■ Your task: Can you write out the whole listing exactly?

————

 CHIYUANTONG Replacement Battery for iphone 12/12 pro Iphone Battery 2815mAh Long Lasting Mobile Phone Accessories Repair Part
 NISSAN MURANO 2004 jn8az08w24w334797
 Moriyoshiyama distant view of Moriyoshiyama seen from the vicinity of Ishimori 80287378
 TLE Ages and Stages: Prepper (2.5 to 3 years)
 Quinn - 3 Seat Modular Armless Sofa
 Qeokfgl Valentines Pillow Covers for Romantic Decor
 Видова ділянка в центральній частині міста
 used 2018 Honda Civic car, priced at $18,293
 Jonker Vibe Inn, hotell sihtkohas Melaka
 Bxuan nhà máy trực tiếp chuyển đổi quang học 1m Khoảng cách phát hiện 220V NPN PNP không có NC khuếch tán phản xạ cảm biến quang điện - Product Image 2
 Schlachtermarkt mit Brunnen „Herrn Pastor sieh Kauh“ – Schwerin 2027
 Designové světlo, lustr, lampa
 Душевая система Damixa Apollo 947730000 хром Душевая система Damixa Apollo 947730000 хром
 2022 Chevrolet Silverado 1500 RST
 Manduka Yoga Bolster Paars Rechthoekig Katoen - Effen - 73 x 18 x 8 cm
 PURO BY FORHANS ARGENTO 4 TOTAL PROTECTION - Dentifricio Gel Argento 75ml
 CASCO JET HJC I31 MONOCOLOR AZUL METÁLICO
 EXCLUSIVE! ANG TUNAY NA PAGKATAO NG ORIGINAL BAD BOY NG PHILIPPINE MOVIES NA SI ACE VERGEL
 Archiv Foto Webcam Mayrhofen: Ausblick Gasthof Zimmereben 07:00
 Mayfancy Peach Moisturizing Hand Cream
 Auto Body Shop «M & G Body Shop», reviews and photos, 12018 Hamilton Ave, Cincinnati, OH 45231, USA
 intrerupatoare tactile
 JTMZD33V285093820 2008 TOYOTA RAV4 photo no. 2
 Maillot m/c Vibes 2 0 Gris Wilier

————

■ Solution to the problem:
 CHIYUANTONG Replacement Battery for iphone 12/12 pro Iphone Battery 2815mAh Long Lasting Mobile Phone Accessories Repair Part
 NISSAN MURANO 2004 jn8az08w24w334797
 Moriyoshiyama distant view of Moriyoshiyama seen from the vicinity of Ishimori 80287378
 TLE Ages and Stages: Prepper (2.5 to 3 years)
 Quinn - 3 Seat Modular Armless Sofa
 Qeokfgl Valentines Pillow Covers for Romantic Decor
 Видова ділянка в центральній частині міста
 used 2018 Honda Civic car, priced at $18,293
 Jonker Vibe Inn, hotell sihtkohas Melaka
 Bxuan nhà máy trực tiếp chuyển đổi quang học 1m Khoảng cách phát hiện 220V NPN PNP không có NC khuếch tán phản xạ cảm biến quang điện - Product Image 2
 Schlachtermarkt mit Brunnen „Herrn Pastor sieh Kauh“ – Schwerin 2027
 Designové světlo, lustr, lampa
 Душевая система Damixa Apollo 947730000 хром Душевая система Damixa Apollo 947730000 хром
 2022 Chevrolet Silverado 1500 RST
 Manduka Yoga Bolster Paars Rechthoekig Katoen - Effen - 73 x 18 x 8 cm
 PURO BY FORHANS ARGENTO 4 TOTAL PROTECTION - Dentifricio Gel Argento 75ml
 CASCO JET HJC I31 MONOCOLOR AZUL METÁLICO
 EXCLUSIVE! ANG TUNAY NA PAGKATAO NG ORIGINAL BAD BOY NG PHILIPPINE MOVIES NA SI ACE VERGEL
 Archiv Foto Webcam Mayrhofen: Ausblick Gasthof Zimmereben 07:00
 Mayfancy Peach Moisturizing Hand Cream
 Auto Body Shop «M & G Body Shop», reviews and photos, 12018 Hamilton Ave, Cincinnati, OH 45231, USA
 intrerupatoare tactile
 JTMZD33V285093820 2008 TOYOTA RAV4 photo no. 2
 Maillot m/c Vibes 2 0 Gris Wilier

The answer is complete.